Fisher, who has been a long-time volunteer at the school, is a self-taught cook who loves sharing her knowledge with others. For Fisher, the class is about nurturing a love of cooking in others, as well as helping families become more comfortable in the kitchen so they might be more inclined to cook at home.
Since the class began in October 2017, Fisher explains, “I’ve been teaching lots of basic cooking skills: how to dice an onion, how to measure dry versus wet ingredients, as well as how to plan a menu, how to multi-task in the kitchen, and how to keep and store leftovers.”
Once Fisher does her mini lesson at the beginning of class and goes over the cooking skills needed to execute the meals they will be working on, the parents split into three groups and each make a different recipe together.

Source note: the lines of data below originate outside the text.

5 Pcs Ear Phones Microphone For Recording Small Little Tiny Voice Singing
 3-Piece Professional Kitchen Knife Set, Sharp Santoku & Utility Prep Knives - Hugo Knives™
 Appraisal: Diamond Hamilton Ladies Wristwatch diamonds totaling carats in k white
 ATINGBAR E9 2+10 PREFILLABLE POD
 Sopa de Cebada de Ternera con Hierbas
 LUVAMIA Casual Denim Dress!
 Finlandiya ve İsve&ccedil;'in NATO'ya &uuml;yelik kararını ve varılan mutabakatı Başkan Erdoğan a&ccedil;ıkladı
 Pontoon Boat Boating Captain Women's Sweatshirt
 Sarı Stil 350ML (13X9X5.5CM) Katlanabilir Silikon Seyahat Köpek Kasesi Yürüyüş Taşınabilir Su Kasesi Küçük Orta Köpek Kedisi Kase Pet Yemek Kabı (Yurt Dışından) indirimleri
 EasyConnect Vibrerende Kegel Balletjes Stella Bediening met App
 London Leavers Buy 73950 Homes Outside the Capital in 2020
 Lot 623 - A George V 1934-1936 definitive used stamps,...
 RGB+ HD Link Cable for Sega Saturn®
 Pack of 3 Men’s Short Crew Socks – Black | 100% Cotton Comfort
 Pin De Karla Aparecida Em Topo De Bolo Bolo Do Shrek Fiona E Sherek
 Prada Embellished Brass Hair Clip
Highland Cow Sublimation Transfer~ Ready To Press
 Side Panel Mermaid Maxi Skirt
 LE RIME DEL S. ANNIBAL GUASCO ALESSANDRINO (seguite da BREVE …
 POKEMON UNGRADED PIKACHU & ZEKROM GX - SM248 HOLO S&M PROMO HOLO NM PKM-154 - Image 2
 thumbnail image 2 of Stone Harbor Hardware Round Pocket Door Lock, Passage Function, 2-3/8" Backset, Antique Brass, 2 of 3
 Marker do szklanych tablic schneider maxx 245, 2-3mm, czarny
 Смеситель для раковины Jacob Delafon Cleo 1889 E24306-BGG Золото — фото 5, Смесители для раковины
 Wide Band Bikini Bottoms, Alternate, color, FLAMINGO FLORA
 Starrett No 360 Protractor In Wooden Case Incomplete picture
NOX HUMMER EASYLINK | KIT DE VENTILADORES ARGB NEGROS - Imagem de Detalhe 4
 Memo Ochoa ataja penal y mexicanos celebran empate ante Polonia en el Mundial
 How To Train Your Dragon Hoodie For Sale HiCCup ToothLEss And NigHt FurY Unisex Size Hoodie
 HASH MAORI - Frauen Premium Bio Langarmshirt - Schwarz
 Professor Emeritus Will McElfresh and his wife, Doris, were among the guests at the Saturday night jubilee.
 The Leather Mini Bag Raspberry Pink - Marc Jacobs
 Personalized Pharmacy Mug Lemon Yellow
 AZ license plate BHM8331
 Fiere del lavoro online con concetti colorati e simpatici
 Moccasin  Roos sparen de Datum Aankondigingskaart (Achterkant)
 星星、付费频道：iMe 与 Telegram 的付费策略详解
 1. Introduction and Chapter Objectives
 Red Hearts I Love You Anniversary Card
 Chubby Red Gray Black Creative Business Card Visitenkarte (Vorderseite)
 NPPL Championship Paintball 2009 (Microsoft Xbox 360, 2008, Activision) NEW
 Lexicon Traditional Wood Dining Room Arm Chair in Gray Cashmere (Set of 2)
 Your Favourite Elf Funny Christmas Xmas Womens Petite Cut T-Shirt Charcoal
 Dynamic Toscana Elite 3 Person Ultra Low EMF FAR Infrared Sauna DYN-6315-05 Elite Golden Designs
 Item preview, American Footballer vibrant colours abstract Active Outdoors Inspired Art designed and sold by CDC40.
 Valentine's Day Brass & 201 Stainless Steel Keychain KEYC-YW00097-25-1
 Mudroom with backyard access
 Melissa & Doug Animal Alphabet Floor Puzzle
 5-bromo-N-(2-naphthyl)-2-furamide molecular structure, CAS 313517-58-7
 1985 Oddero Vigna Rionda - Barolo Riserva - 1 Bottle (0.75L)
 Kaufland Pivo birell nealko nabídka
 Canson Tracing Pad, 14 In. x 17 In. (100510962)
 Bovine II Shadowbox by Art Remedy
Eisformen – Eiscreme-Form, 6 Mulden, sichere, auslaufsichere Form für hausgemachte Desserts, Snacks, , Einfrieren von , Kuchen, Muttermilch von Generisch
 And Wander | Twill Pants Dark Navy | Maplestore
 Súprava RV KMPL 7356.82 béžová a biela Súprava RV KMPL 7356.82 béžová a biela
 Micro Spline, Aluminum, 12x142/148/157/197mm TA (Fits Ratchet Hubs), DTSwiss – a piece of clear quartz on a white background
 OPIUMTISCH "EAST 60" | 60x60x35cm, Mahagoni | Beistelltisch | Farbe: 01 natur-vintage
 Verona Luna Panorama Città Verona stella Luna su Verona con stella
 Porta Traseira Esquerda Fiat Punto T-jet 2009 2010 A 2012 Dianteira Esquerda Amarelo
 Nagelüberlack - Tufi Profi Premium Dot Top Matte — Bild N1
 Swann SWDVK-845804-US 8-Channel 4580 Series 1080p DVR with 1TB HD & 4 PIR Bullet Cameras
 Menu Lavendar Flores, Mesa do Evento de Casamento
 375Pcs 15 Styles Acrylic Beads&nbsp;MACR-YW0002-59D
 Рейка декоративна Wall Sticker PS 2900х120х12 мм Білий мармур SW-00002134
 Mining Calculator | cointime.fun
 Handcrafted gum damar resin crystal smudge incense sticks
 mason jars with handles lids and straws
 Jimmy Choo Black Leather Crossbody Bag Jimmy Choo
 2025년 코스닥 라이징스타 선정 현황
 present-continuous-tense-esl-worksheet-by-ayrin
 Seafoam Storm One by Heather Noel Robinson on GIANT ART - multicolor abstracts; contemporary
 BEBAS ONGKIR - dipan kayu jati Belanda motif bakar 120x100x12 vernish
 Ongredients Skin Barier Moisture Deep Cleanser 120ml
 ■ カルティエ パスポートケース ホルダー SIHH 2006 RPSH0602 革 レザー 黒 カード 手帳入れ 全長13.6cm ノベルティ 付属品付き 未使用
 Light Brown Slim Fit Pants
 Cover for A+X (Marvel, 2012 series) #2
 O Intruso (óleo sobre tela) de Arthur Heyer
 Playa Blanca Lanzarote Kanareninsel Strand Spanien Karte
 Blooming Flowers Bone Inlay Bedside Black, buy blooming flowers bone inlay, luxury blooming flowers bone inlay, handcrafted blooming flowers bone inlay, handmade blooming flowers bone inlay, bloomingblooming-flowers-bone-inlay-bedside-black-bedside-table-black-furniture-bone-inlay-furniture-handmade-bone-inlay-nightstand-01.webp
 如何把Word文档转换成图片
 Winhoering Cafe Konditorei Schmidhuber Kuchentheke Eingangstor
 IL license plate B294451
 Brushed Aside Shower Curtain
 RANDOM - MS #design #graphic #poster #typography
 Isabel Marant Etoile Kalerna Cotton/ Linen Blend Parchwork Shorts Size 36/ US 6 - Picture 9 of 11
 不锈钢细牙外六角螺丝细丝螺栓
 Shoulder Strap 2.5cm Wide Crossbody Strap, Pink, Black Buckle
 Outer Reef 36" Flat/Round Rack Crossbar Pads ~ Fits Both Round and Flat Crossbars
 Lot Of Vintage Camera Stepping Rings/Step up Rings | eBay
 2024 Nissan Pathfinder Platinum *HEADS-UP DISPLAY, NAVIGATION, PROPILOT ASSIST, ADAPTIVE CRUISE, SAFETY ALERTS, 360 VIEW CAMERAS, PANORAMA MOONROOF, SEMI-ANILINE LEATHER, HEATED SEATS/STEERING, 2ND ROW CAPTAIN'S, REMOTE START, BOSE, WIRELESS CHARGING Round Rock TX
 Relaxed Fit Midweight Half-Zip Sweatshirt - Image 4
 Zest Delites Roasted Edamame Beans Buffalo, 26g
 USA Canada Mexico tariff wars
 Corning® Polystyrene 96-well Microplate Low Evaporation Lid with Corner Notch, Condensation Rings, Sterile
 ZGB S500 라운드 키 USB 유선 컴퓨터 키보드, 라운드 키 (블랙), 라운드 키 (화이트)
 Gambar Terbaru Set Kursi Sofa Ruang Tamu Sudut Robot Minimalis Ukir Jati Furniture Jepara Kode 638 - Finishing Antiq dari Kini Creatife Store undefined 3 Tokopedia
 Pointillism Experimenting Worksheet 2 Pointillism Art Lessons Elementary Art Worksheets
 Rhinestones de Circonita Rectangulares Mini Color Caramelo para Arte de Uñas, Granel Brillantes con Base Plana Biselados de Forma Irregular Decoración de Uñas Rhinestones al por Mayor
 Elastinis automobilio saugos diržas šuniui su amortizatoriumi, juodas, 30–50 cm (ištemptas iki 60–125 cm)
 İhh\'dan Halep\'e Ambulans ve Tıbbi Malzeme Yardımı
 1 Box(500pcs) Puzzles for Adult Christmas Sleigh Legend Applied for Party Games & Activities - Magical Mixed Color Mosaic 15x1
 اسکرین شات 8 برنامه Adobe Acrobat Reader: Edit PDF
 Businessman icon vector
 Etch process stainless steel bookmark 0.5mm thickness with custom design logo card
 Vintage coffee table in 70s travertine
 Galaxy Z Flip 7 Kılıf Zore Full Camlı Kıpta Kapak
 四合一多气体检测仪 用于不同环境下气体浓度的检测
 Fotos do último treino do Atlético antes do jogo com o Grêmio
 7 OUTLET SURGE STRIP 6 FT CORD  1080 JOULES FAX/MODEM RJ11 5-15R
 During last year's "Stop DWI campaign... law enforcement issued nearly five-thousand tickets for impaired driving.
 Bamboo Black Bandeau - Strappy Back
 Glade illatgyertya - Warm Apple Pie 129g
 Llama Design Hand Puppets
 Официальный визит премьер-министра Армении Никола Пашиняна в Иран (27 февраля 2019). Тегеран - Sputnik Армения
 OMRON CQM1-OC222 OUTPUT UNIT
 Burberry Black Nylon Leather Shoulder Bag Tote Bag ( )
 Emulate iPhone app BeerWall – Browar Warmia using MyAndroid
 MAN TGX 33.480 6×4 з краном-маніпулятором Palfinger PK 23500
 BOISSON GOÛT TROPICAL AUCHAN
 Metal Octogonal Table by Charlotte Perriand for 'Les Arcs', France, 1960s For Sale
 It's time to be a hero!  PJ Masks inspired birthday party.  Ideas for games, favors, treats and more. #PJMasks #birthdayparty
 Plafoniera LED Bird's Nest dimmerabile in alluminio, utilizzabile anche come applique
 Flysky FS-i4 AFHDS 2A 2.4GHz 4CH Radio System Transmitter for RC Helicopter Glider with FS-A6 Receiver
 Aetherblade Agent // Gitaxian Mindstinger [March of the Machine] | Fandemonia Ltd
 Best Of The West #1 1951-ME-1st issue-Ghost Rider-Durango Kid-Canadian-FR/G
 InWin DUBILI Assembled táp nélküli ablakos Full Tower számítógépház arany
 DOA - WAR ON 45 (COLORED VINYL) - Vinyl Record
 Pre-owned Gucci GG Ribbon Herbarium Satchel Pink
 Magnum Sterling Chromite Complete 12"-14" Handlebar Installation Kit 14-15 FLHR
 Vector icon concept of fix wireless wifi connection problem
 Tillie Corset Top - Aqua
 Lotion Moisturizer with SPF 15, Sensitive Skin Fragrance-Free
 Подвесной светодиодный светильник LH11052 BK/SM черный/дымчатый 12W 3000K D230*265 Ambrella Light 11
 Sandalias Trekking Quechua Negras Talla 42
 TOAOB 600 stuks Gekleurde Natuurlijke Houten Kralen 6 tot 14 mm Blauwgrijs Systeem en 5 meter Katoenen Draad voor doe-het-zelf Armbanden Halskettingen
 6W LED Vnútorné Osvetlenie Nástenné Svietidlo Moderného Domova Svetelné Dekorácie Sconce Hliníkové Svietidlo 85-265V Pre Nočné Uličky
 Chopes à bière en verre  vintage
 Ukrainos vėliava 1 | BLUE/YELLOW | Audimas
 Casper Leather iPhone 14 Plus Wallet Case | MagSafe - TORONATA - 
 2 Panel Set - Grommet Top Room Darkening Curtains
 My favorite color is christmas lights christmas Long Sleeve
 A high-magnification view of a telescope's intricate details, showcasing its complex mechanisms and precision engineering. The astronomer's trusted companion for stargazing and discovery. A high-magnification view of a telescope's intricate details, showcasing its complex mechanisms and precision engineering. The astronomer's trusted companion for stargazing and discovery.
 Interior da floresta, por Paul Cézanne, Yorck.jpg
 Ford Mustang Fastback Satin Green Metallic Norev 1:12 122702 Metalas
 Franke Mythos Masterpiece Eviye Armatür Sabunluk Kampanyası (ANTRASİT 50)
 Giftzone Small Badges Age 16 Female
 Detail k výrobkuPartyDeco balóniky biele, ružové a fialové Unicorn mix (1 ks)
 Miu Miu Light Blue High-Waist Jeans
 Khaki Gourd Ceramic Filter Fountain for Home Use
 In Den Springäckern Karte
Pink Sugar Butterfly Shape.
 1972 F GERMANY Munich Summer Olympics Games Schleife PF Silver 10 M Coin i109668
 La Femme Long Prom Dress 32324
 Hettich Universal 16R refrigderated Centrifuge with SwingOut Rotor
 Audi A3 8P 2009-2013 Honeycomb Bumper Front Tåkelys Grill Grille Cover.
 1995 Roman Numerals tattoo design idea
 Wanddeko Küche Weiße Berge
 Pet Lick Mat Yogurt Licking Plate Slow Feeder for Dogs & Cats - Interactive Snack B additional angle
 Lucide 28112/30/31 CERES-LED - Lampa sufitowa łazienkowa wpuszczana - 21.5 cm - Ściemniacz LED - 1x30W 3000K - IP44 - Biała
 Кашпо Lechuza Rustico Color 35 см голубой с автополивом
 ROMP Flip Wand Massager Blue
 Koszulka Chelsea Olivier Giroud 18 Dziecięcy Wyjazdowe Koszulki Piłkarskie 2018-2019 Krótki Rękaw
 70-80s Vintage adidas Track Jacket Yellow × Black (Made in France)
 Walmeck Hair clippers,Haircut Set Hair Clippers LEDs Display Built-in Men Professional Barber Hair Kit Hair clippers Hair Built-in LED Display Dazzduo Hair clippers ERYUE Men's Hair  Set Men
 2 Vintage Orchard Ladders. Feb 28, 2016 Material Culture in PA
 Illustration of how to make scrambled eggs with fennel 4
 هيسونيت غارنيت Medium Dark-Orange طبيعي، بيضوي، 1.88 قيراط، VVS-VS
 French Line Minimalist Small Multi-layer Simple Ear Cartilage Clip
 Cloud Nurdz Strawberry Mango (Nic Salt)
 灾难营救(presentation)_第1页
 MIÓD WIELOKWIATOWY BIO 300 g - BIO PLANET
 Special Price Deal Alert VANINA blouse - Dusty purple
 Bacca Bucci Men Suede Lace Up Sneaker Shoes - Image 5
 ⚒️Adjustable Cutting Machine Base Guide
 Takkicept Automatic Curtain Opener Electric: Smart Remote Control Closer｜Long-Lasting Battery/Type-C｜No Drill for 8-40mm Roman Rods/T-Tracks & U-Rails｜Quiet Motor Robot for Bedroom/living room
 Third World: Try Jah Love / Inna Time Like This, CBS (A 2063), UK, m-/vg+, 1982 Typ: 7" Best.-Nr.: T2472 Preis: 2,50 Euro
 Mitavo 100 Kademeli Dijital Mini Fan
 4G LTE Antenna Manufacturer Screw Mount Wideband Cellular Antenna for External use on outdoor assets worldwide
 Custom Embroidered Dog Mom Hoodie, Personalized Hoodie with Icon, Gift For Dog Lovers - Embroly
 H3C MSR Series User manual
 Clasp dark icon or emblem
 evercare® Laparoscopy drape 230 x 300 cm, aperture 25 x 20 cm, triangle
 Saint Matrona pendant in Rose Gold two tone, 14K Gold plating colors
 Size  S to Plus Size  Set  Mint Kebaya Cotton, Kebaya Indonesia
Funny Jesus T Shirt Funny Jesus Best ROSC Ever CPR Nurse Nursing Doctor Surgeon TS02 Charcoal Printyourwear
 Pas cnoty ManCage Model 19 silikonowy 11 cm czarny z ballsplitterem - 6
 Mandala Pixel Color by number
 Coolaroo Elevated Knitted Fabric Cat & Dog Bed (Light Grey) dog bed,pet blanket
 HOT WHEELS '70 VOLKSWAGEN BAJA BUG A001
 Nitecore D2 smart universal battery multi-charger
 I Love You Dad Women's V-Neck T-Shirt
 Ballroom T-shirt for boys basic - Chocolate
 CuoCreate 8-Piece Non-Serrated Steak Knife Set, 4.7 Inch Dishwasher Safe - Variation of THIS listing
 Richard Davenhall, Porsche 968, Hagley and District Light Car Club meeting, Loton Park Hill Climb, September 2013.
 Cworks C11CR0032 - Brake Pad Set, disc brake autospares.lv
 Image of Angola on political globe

The class helps families build relationships with each other, as well as the school, but there are also long-term benefits White hopes come out of it.
“We hope the class teaches parents how to make easy meals using simple ingredients, as well as educating them on how to make healthy choices in the kitchen and the grocery store,” says White. “Cooking doesn’t have to be intimidating or scary! Anyone can follow a simple recipe and make a delicious meal for their family.”
While Tonette chops an onion for their chicken noodle soup, she adds, “It’s really nice to learn new things, especially quick recipes that you can throw together with things you already have in your pantry.”
The cooking class is made possible through a grant from a KIPP Kirkpatrick community partner, Christ Presbyterian Church.
White explains, “I think it’s really important for our families to have access to high quality opportunities like a cooking class. Besides teaching and empowering them to cook healthy food for their families, an invitation to something like this sends the message, ‘You matter, you and your children are important, and you deserve the best- no matter where you live or how much money you make.’ It’s always my goal to make sure our families hear that message, and I think things like cooking class are one small way we as a school can do that.”
Of course, after all the hard work is done and the food is ready to eat, the class gets to enjoy the fruits of their labor by sitting down and sharing a meal together. Any leftovers are sent home with the families, along with a recipe binder that is added to each month.
With love, from the Kitchen of KIPP Kirkpatrick Elementary School.